The Liturgy after the Liturgy
In recent years, there has been a strong emphasis in Orthodox ecclesiology on the eucharistic understanding of the Church.
The ecclesial koinonia is indeed constituted by the participation of the baptized in the eucharistic communion, the sacramental actualization of the economy of salvation, a living reality which belongs both to history and to eschatology.
While this emphasis is deeply rooted in the biblical and patristic tradition and is of extreme importance today, it might easily lead to the conclusion that Orthodox limit the interpretation of the Church to an exclusive worshipping community, to protecting and to preserving the Good News for its members.

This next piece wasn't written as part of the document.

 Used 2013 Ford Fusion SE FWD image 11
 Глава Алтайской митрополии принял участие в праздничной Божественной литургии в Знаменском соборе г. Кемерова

Therefore a need was felt to affirm that the Liturgy is not a self-centred service and action, but is a service for the building of the one Body of Christ within the economy of salvation, which is for all people of all ages.
The liturgical assembly is the Father's House, where the invitation to the banquet of the heavenly bread is constantly voiced and addressed, not only to the members of the Church, but also to non-Christians and strangers.
This liturgical concentration, "the liturgy within the Liturgy," is essential for the Church, but it has to be understood in all its dimensions. There is a double movement in the Liturgy: on the one hand, the assembling of the people of God to perform the memorial of the death and resurrection of our Lord "until He comes again." It also manifests and realizes the process by which "the cosmos is becoming ecclesia."
Therefore the preparation for Liturgy takes place not only at the personal spiritual level, but also at the level of human historical and natural realities. In preparing for Liturgy, the Christian starts a spiritual journey which affects everything in his life: family, properties, authority, position and social relations. It re-orientates the direction of his entire human existence towards its sanctification by the Holy Spirit.
On the other hand, renewed by the Holy Communion and the Holy Spirit, members of the Church are sent to be authentic witnesses to Jesus Christ in the world. The mission of the Church rests upon the radiating and transforming power of the Liturgy. It is a stimulus in sending out the people of God to the world to confess the Gospel and to be involved in man's liberation.
Liturgically, this continual double movement of thanksgiving is expressed in the ministry of the deacon. On the one hand, he brings and offers to the altar the gifts of the people; on the other, he shares and distributes the Holy Sacraments which nourish the life of Christians. Everything is linked with the central action of the Church, which is the Eucharist, and everybody has a diaconal function in reconciling the separated realities.
Enlarge the space for witness
How does the Church, through its liturgical life, invite the world into the Lord's House and seek the Kingdom to come? The actualization of this will be the great success of the Church's mission, not only because there is an urgent need for the Church to widen its vision of those outside its influence (Mt. 8:10), but also because the worshipping assembly cannot be a protected place any longer, a refuge for passivity and alienation.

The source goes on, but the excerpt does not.